◆ PROBLEM DESCRIPTION:
Retype word for word the line containing "Massa Fettuccine Nidi 500g Paganini" and each line that follows it in the records below, through the last one, with no pictures.

*** Begin section ***

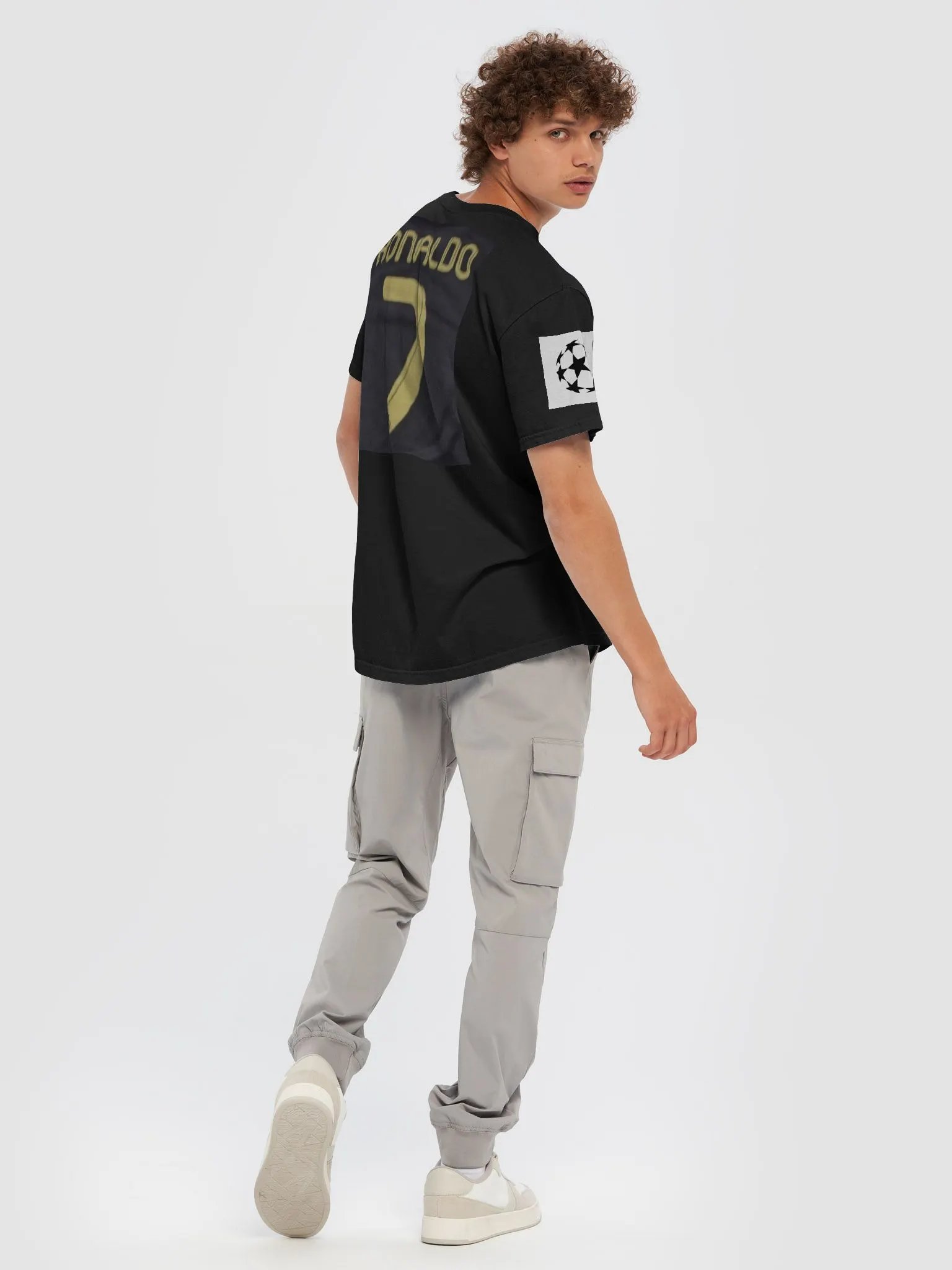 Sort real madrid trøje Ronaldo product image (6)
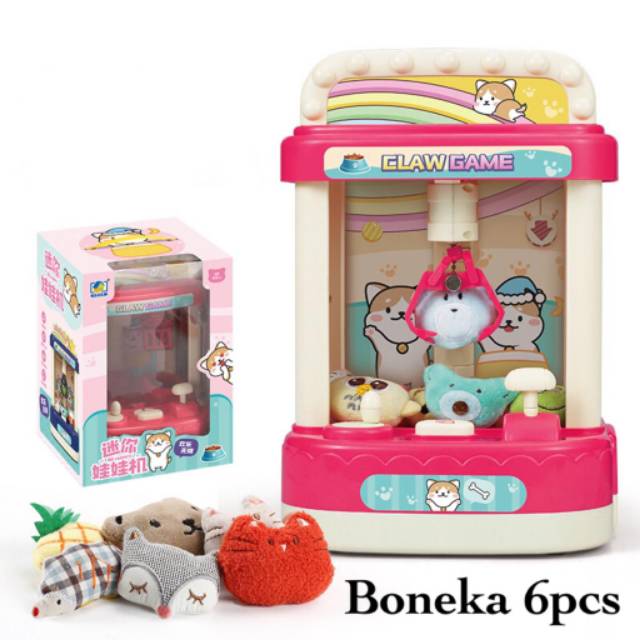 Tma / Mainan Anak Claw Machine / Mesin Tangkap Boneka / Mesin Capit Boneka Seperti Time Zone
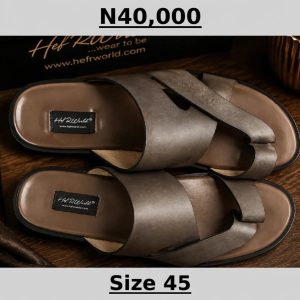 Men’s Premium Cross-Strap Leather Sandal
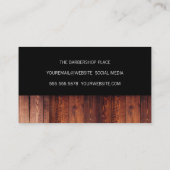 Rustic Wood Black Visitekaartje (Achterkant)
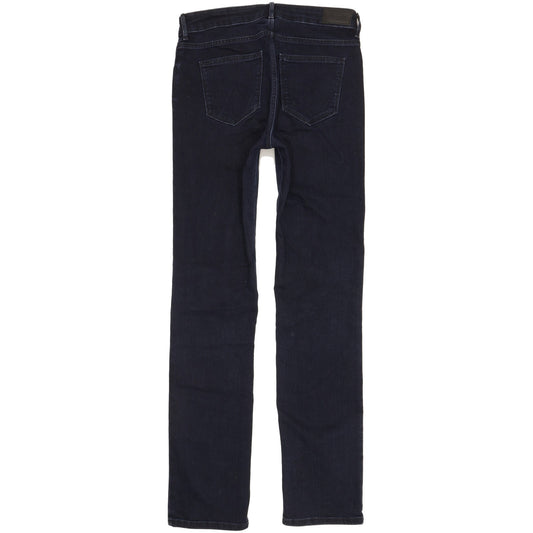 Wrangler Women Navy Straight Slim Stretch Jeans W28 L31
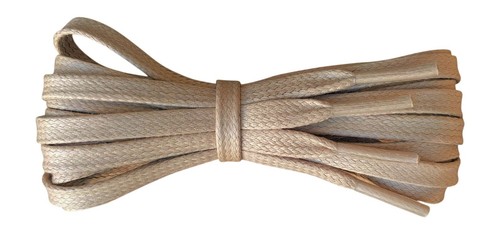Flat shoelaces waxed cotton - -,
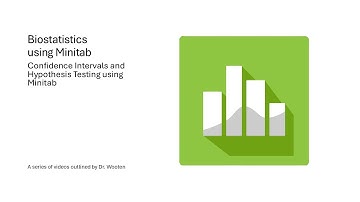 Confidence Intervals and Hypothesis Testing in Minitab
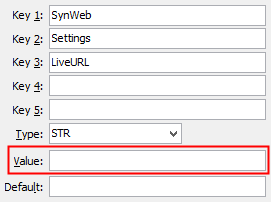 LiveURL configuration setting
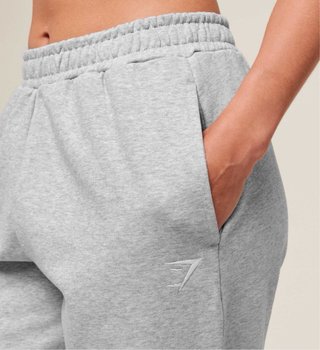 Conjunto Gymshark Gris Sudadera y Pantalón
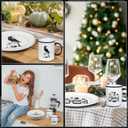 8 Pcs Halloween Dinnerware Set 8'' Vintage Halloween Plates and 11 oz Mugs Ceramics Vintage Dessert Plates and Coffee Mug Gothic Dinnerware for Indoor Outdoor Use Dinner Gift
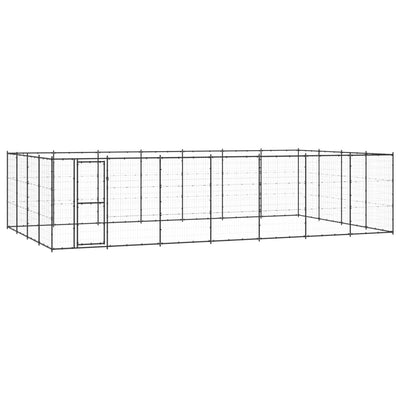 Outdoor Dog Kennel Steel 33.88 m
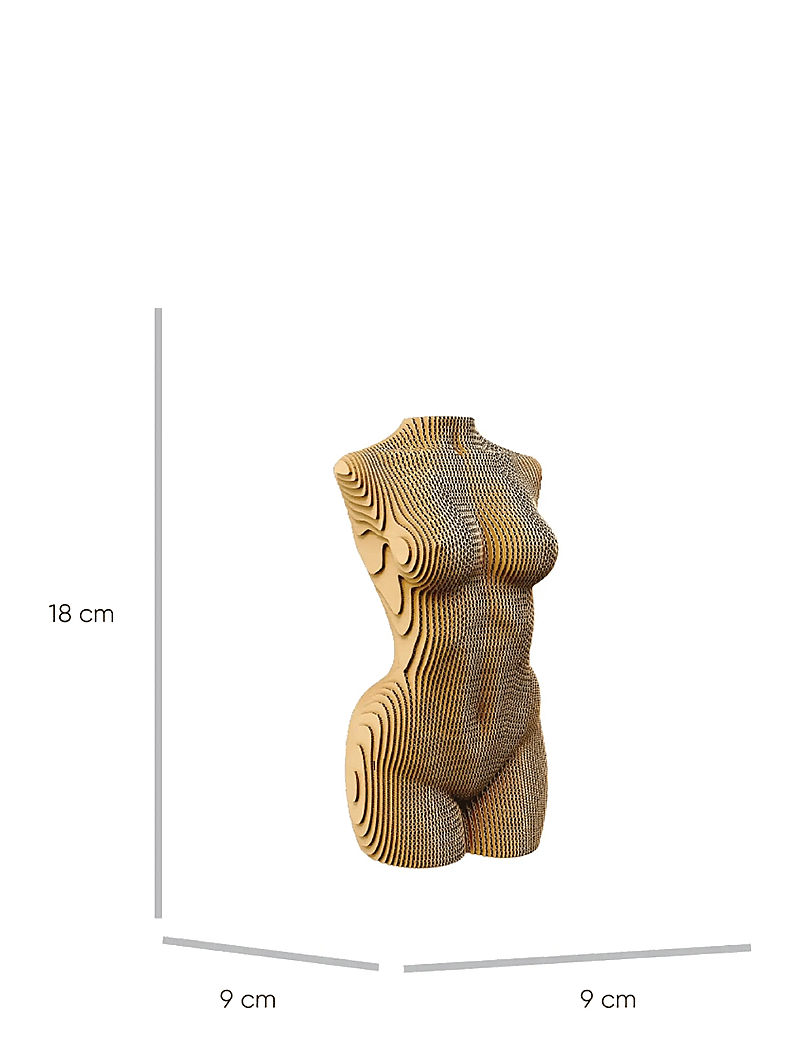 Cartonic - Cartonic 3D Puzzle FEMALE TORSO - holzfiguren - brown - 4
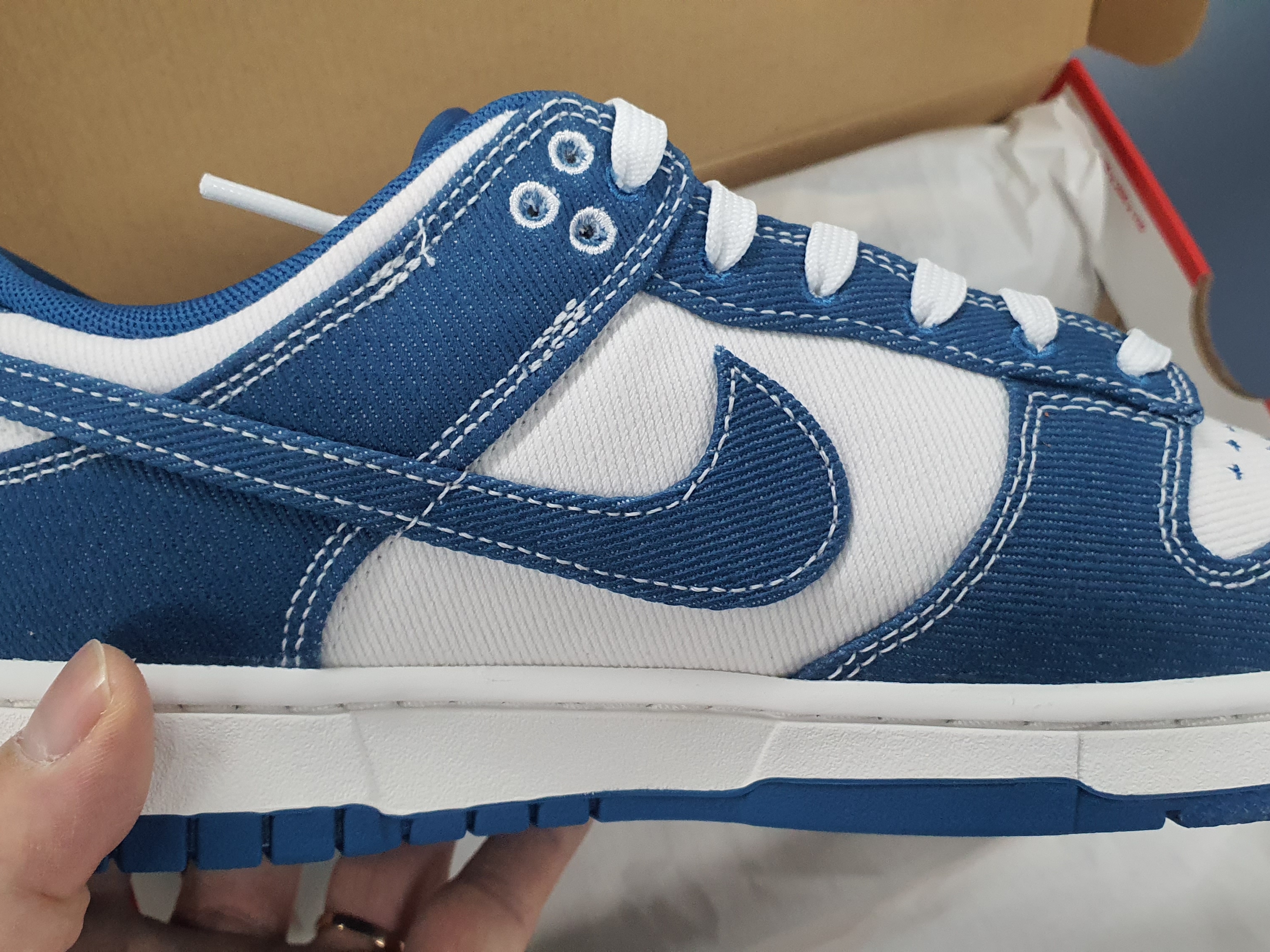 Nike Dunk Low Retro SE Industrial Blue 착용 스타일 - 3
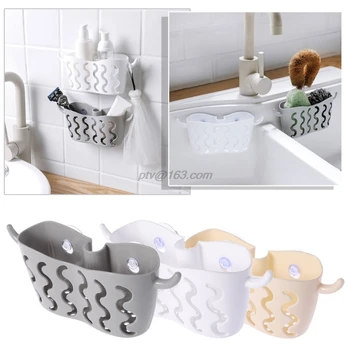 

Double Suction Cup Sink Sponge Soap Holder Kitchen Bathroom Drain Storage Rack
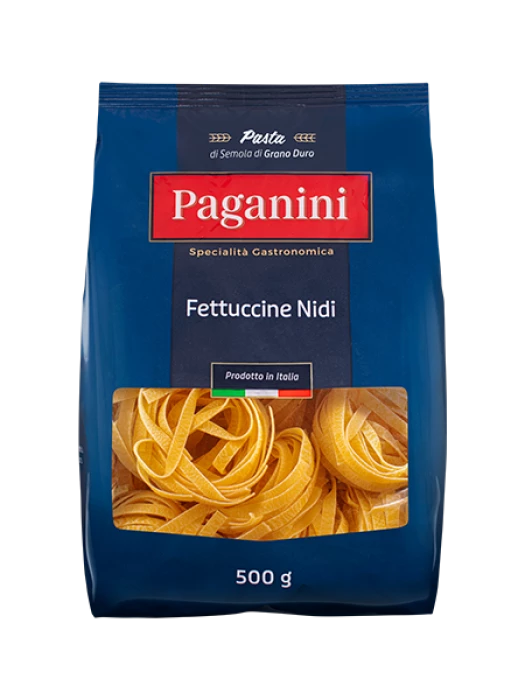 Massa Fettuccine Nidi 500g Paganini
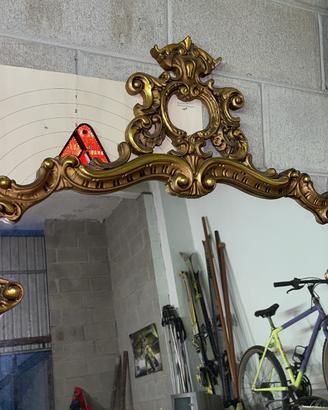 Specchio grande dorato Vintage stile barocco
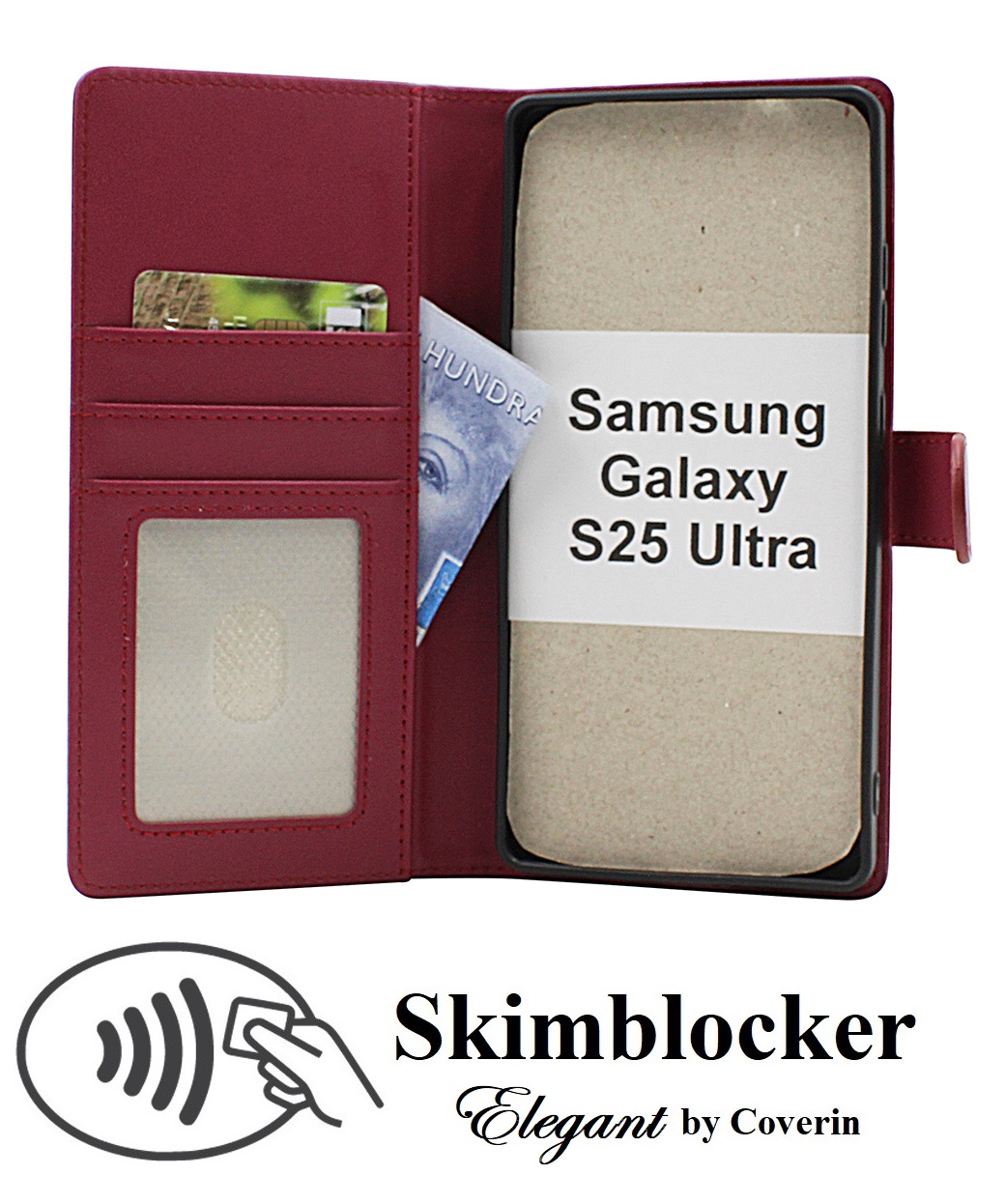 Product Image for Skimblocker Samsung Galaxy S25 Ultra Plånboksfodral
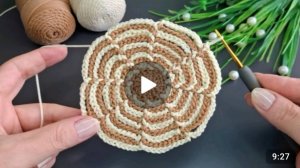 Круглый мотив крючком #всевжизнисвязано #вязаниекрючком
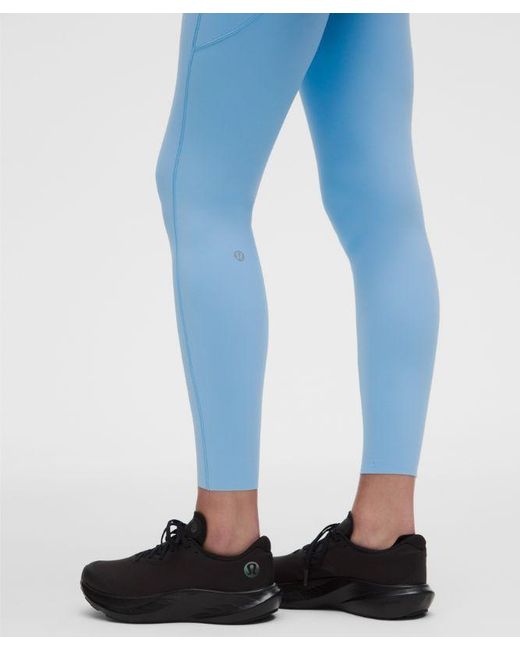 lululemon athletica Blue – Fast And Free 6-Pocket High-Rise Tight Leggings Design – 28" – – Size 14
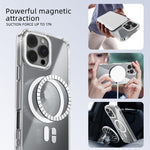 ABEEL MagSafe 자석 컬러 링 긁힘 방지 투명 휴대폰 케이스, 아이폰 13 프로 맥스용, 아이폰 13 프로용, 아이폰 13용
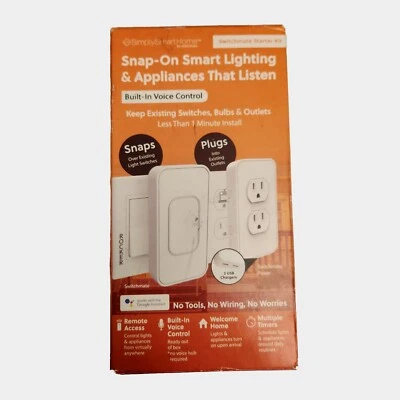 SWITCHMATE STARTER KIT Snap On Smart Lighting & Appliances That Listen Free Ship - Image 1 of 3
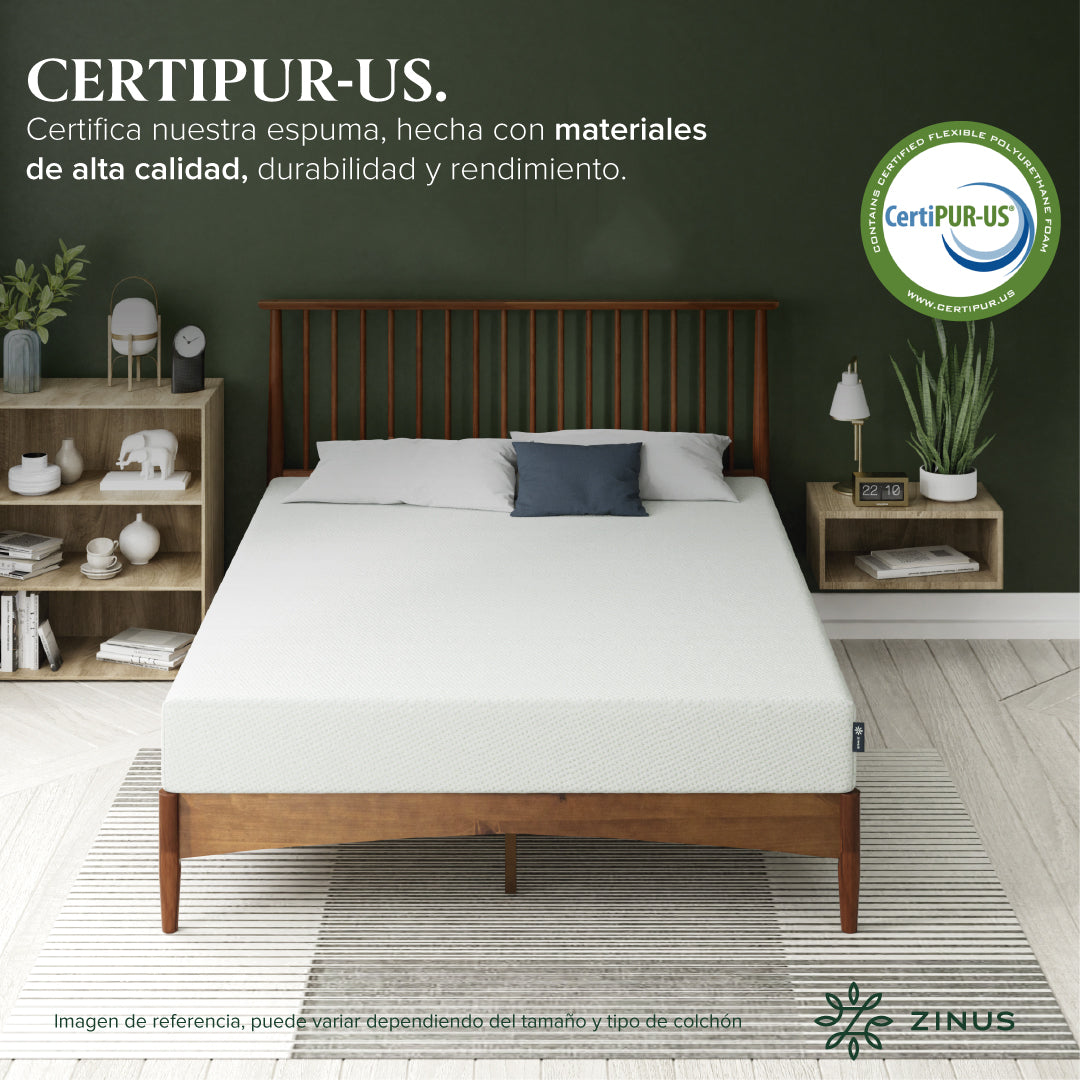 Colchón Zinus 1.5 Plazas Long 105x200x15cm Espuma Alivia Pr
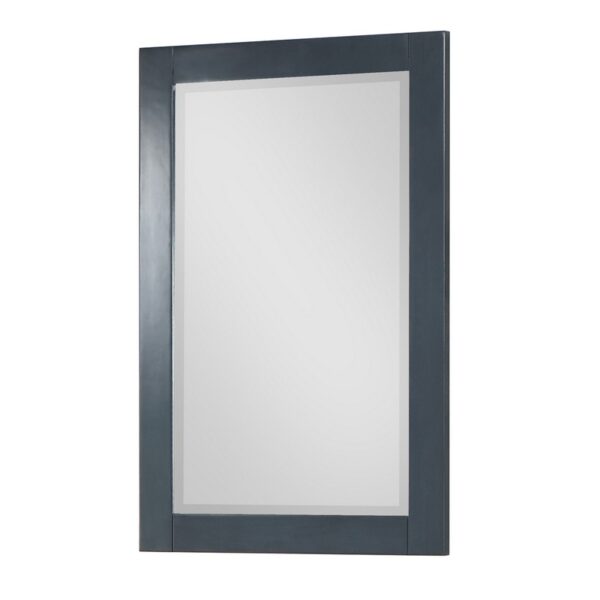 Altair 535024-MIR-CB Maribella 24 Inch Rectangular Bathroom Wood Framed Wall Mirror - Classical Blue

*** End section ***

◆ SOLUTION:
 Massa Fettuccine Nidi 500g Paganini
 Specchio grande dorato Vintage stile barocco
 Product Image for Skimblocker Samsung Galaxy S25 Ultra Plånboksfodral
 Круглый мотив крючком #всевжизнисвязано #вязаниекрючком
 lululemon athletica Blue – Fast And Free 6-Pocket High-Rise Tight Leggings Design – 28" – – Size 14
 ABEEL MagSafe 자석 컬러 링 긁힘 방지 투명 휴대폰 케이스, 아이폰 13 프로 맥스용, 아이폰 13 프로용, 아이폰 13용
 SWITCHMATE STARTER KIT Snap On Smart Lighting & Appliances That Listen Free Ship - Image 1 of 3
 Colchón Zinus 1.5 Plazas Long 105x200x15cm Espuma Alivia Pr
 Altair 535024-MIR-CB Maribella 24 Inch Rectangular Bathroom Wood Framed Wall Mirror - Classical Blue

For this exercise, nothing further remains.